TASK DETAILS: The answer is to be an exact copy of the lines below running from the line with "KIKO 100ft Permanent Outdoor Lights" down to the line with "London Big Ben", both ends included, and nothing more.
──────── INPUT MATERIAL
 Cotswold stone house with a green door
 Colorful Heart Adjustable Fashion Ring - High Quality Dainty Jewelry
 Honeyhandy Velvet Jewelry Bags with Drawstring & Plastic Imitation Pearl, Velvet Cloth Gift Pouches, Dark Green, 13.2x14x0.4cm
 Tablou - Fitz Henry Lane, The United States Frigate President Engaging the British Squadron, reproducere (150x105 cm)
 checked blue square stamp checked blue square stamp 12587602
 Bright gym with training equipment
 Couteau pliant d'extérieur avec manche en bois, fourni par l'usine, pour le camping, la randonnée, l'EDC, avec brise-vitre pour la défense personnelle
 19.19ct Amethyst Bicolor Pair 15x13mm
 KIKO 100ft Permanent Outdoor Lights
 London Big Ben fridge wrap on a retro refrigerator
────────────────
──────── INPUT MATERIAL
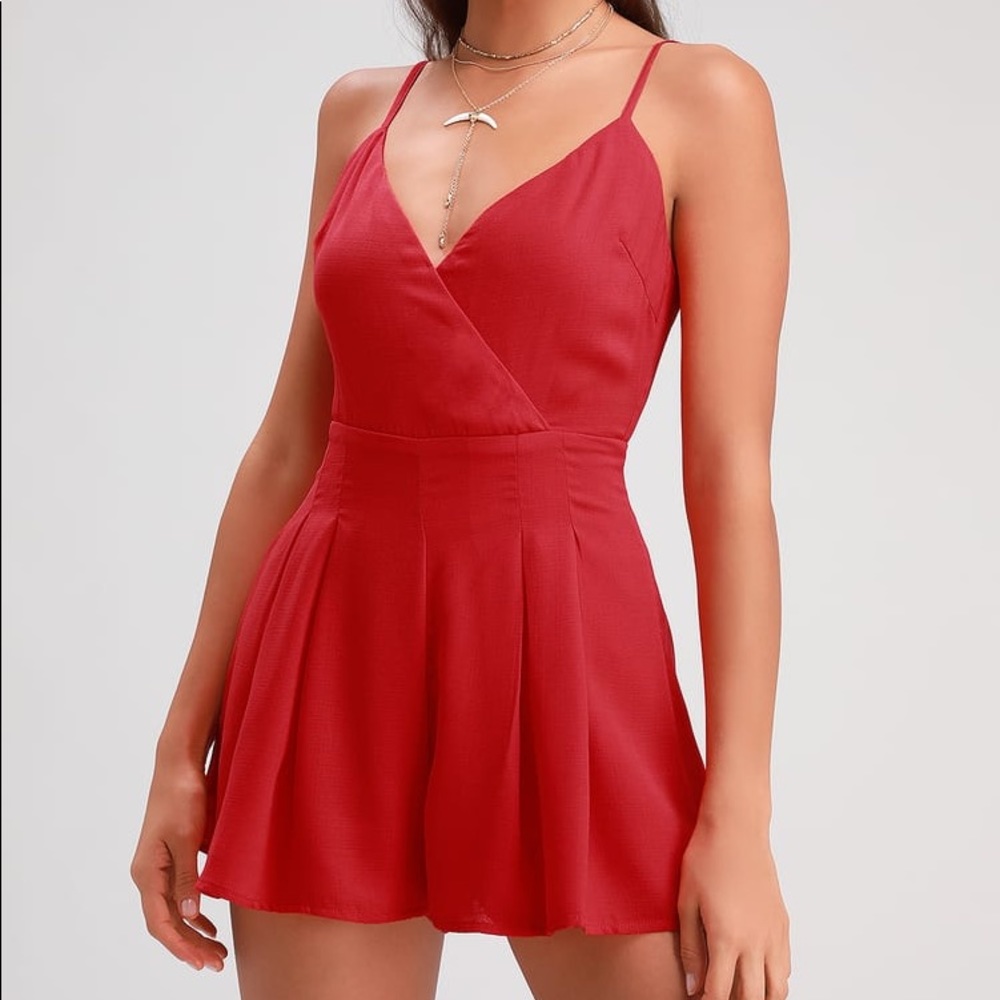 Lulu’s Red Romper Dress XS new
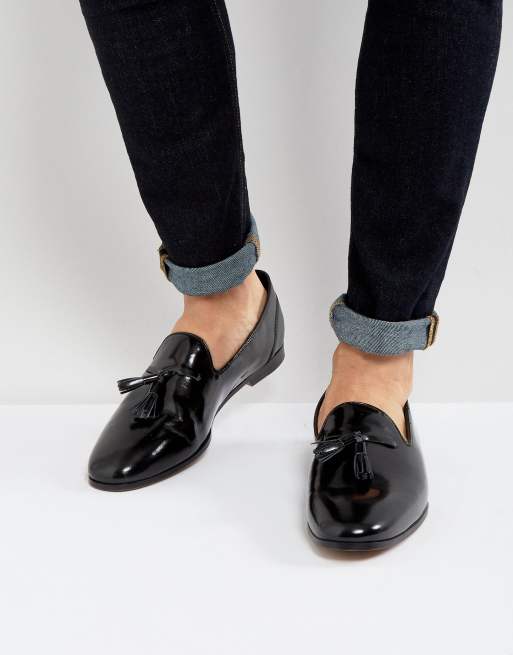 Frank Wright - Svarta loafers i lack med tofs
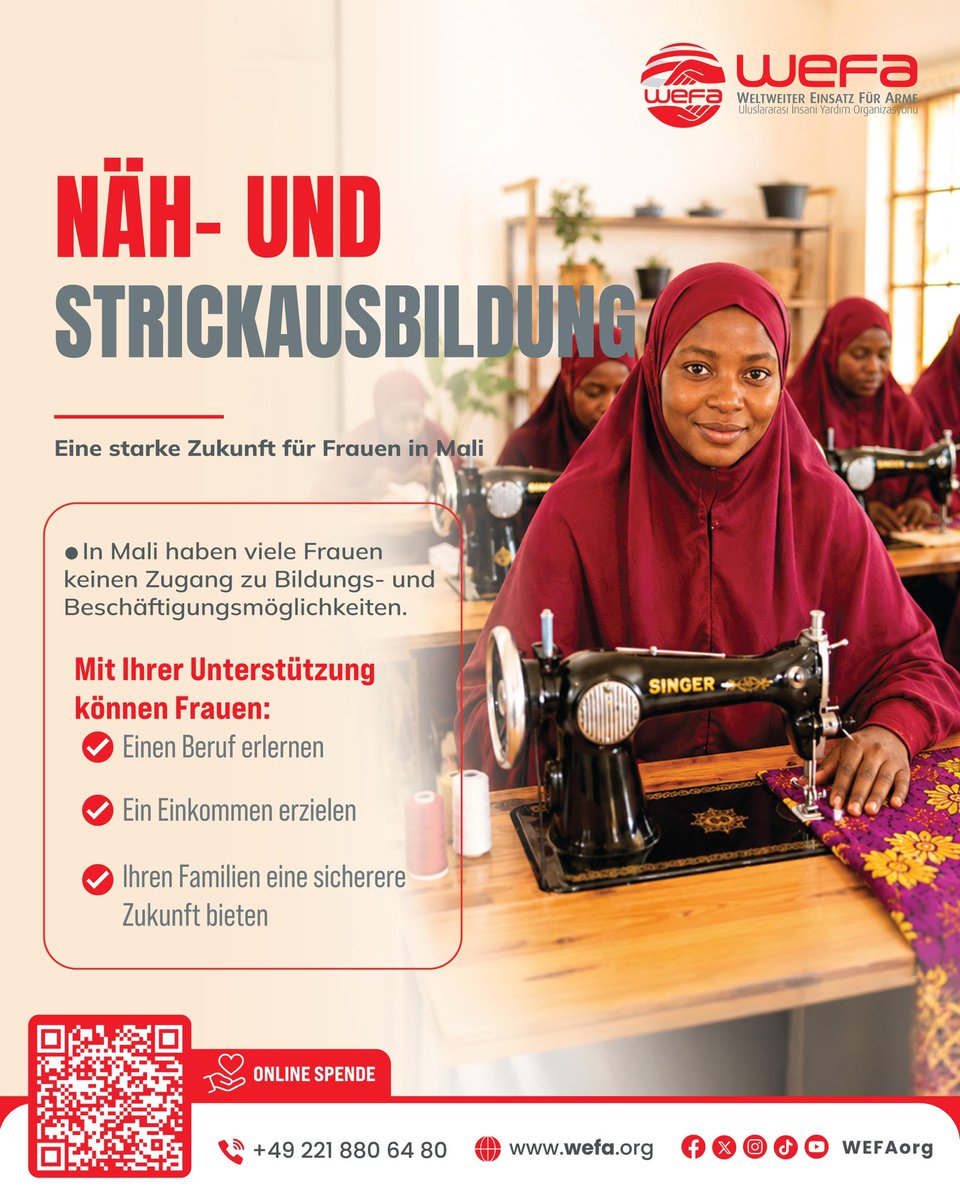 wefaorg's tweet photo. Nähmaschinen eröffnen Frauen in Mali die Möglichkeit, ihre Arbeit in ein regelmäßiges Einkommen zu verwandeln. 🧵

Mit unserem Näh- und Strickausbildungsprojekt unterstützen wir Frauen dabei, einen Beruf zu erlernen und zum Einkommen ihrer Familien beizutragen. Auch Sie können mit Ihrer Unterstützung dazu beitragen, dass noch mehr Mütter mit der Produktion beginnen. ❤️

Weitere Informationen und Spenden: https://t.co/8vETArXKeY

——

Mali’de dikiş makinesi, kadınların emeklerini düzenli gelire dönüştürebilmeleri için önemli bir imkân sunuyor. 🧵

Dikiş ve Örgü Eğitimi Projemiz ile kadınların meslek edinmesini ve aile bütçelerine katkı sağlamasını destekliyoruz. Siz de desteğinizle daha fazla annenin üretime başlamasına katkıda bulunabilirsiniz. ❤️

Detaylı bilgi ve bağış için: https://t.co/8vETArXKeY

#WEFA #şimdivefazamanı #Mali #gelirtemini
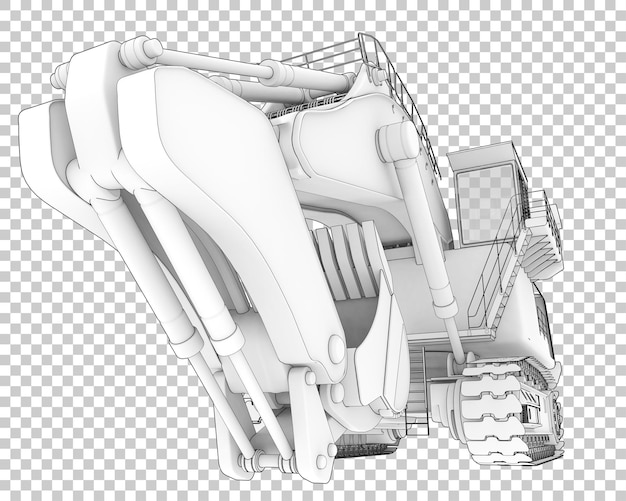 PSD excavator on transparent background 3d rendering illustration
────────────────
RESULT:
 KIKO 100ft Permanent Outdoor Lights
 London Big Ben fridge wrap on a retro refrigerator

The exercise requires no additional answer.